═══ DATA SHOWN

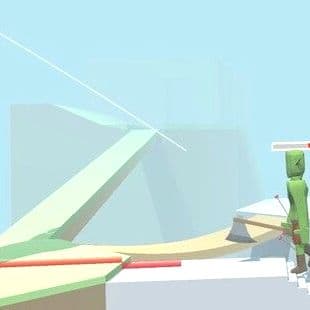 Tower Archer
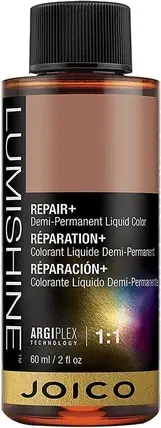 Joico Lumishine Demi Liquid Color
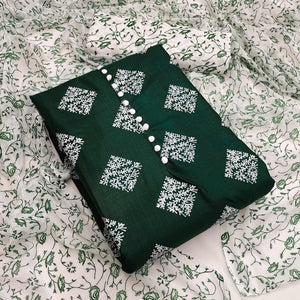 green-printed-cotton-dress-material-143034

══════
═══ DATA SHOWN

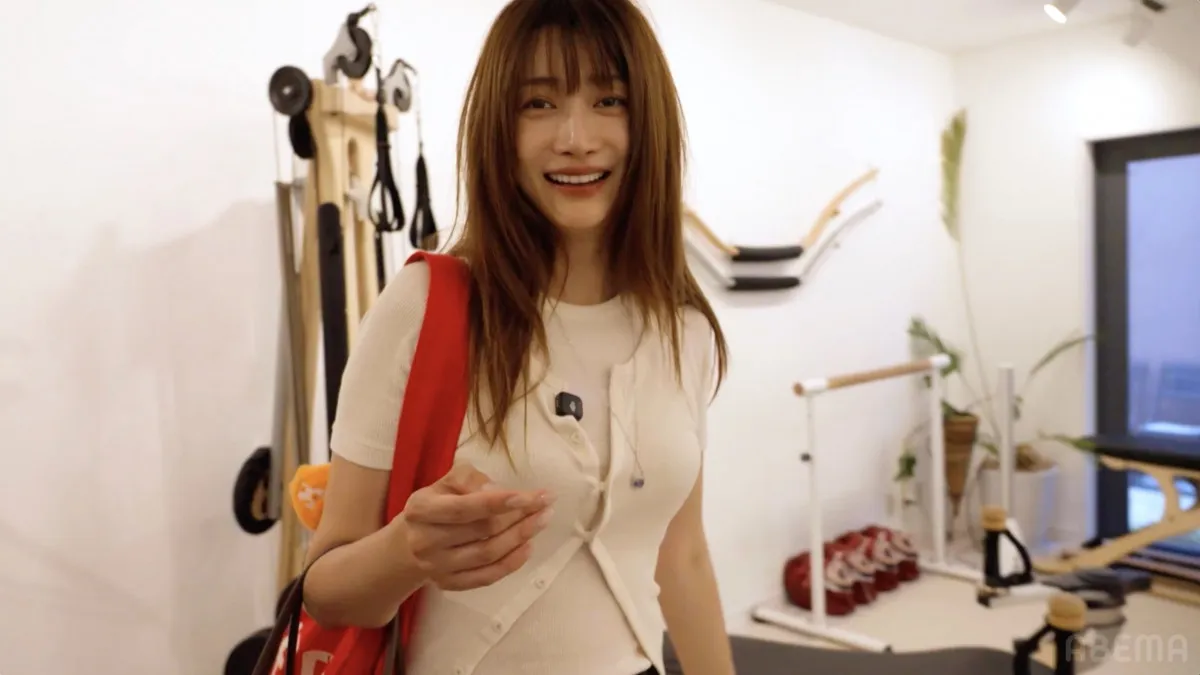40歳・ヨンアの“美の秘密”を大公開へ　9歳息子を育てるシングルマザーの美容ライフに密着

══════
═══ DATA SHOWN

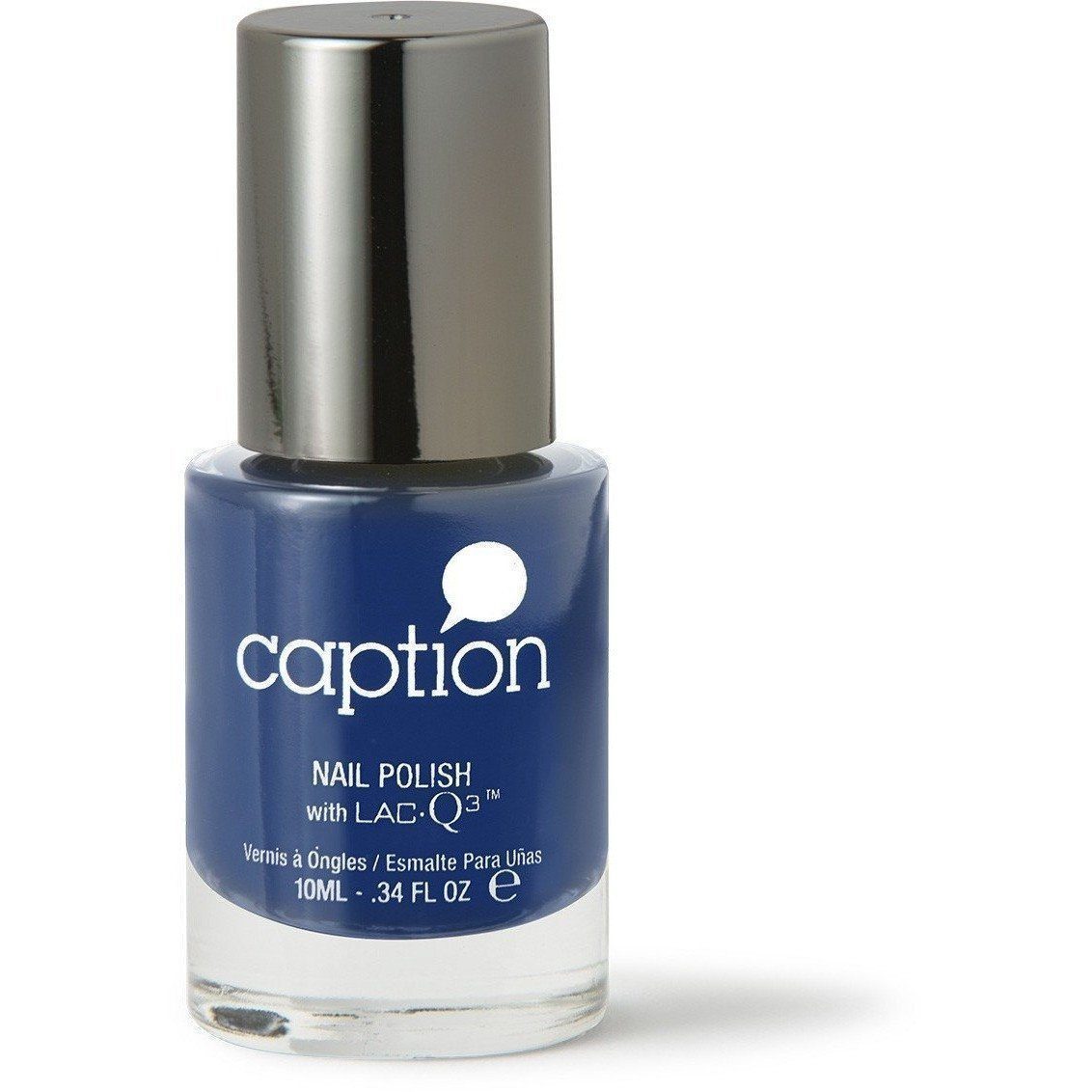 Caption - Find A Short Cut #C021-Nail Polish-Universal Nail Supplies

══════

* TASK TO COMPLETE *
Within the listing above, write out the stretch from the line with "Tower Archer" through the line with "green-printed-cotton-dress-material-143034" exactly. Any pictures are to be left out.

* PROBLEM SOLUTION *
 Tower Archer
 Joico Lumishine Demi Liquid Color
 green-printed-cotton-dress-material-143034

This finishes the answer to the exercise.